Task data section start

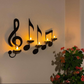 Candelabro con notas musicales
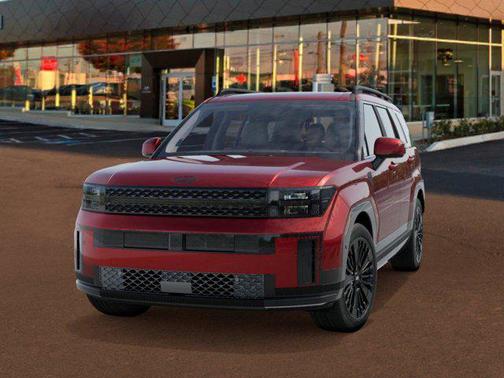 Ultimate Red 2026 Hyundai SANTA FE HEV Calligraphy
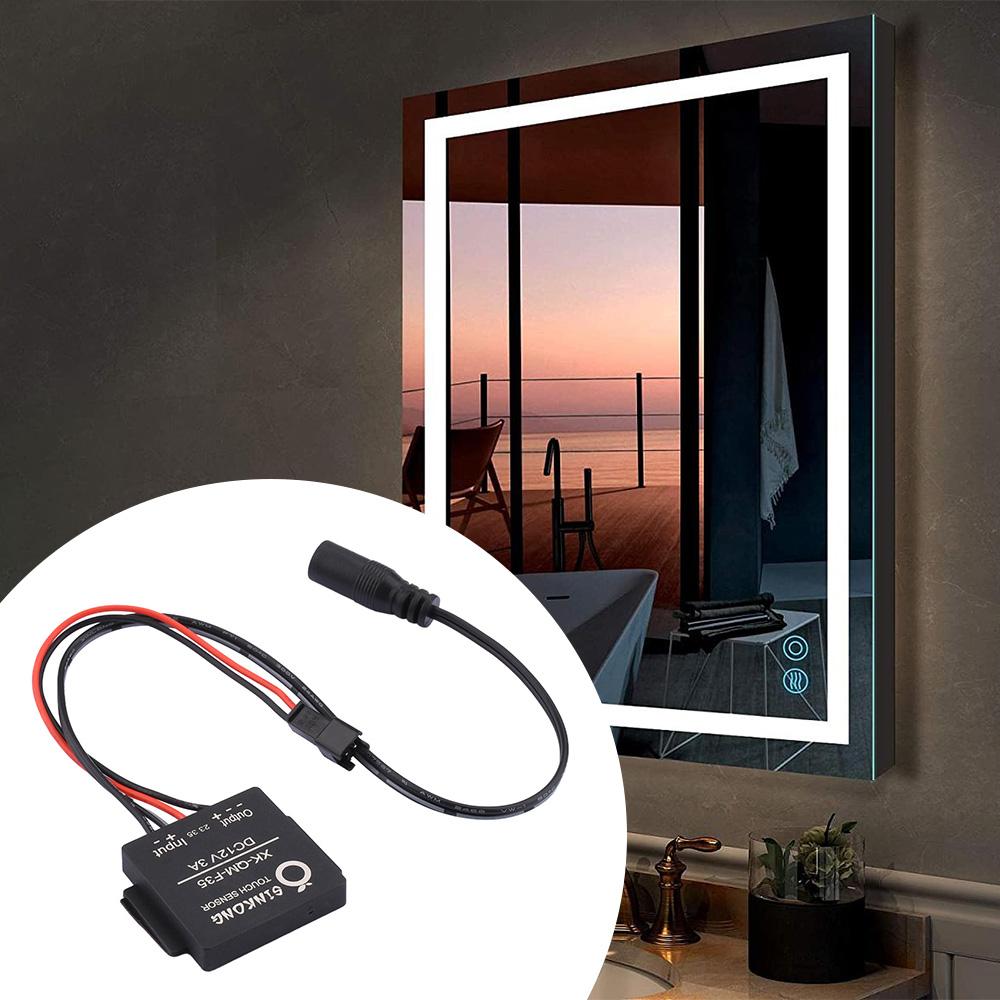 DC 12V 3A Bathroom Mirror Switch Touch-Switch Sensor For LED Light Mirror Headlight LED Driver Module Sensor Switch
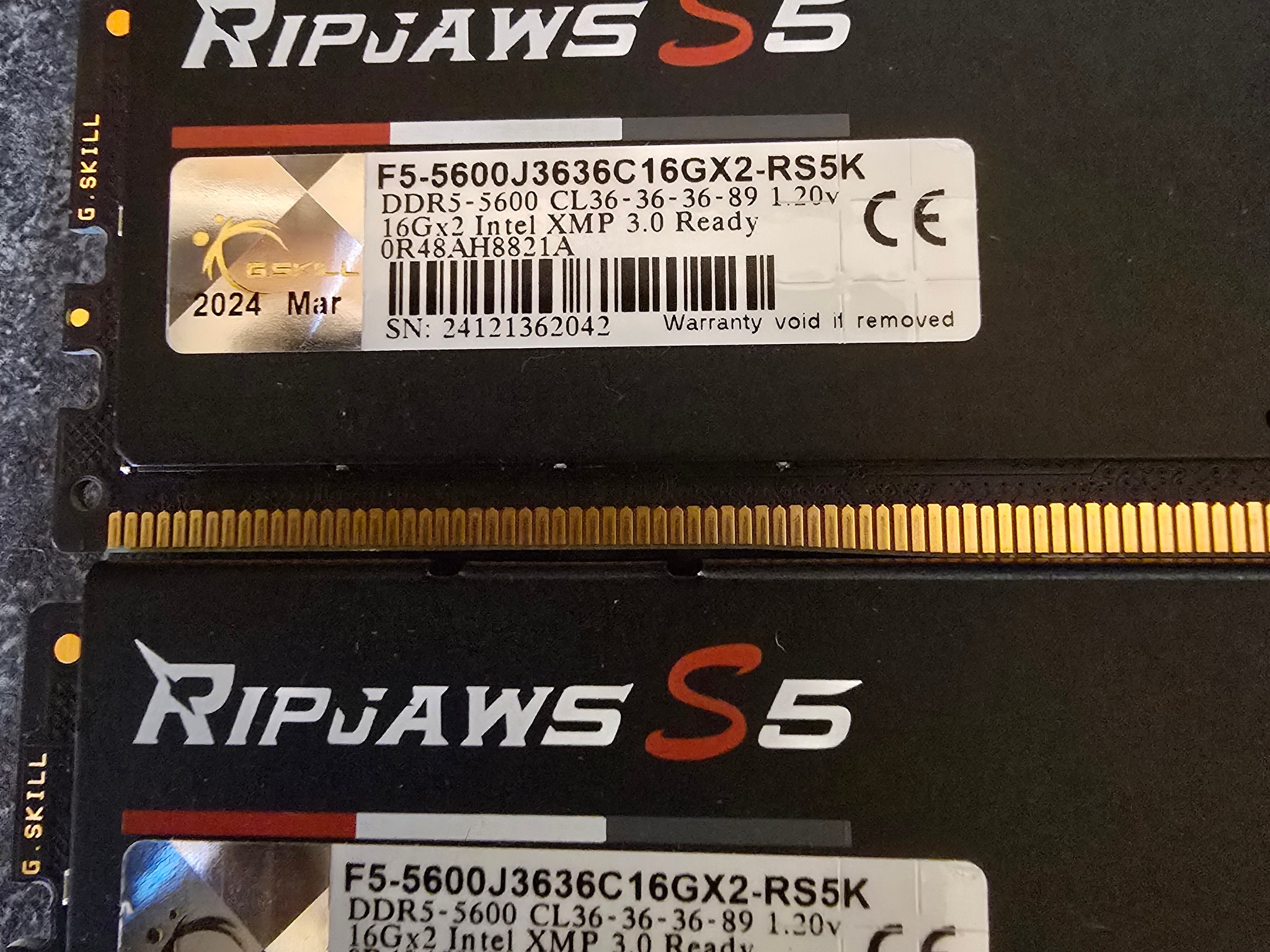 G.Skill Ripjaws S5 DDR5-5600 CL36
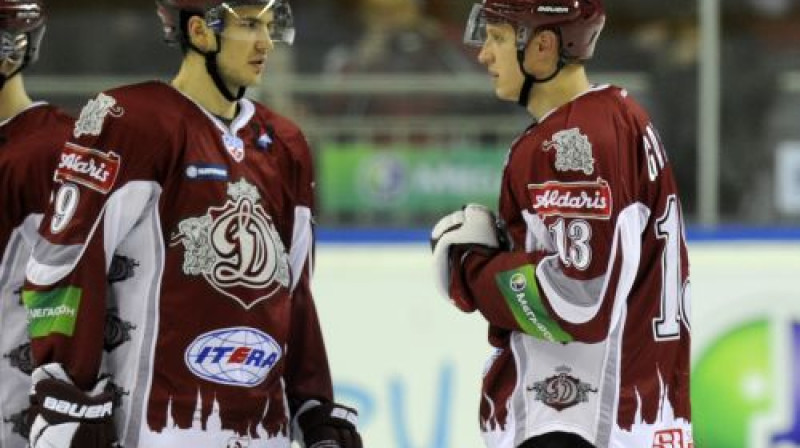 Krišjānis Rēdlihs un Guntis Galviņš - abi paliek Rīgā
Foto: Romāns Kokšarovs, Sporta Avīze, F64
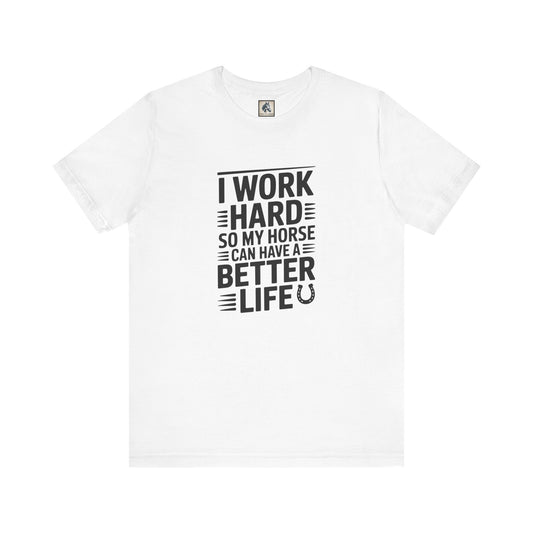 Horse Lover’s Inspirational Tee, Unisex Jersey Tee, Equestrian Gift, Farm Life Apparel, Motivational T-Shirt, Horse Enthusiast Shirt, [...]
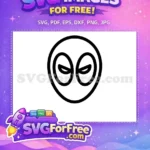 Free Squinted Black Free Cartoon Eyes Deadpool Free SVG - Instant Download
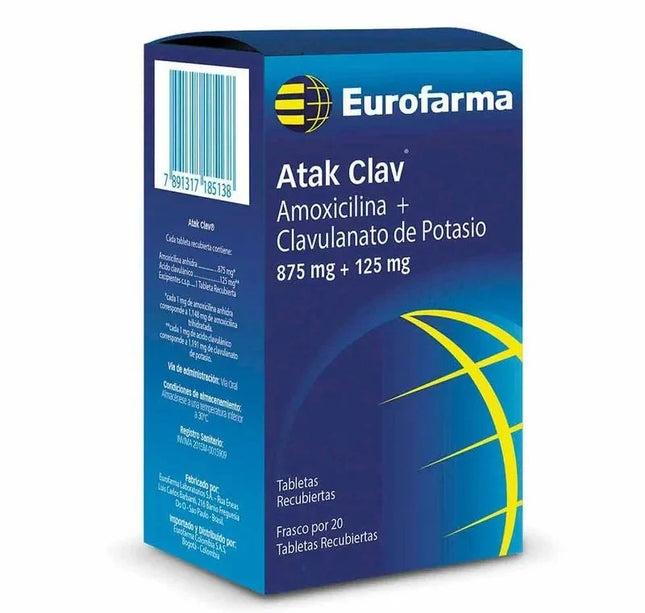 Atak Clav 875 Mg 20 Tabletas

Task data section end

An answer containing only the lines from the one holding "Krišjānis Rēdlihs un" through the close of the entries above, reproduced exactly and stripped of pictures, is expected.

 Krišjānis Rēdlihs un Guntis Galviņš - abi paliek Rīgā
Foto: Romāns Kokšarovs, Sporta Avīze, F64
 Horse Lover’s Inspirational Tee, Unisex Jersey Tee, Equestrian Gift, Farm Life Apparel, Motivational T-Shirt, Horse Enthusiast Shirt, [...]
 Free Squinted Black Free Cartoon Eyes Deadpool Free SVG - Instant Download
 Atak Clav 875 Mg 20 Tabletas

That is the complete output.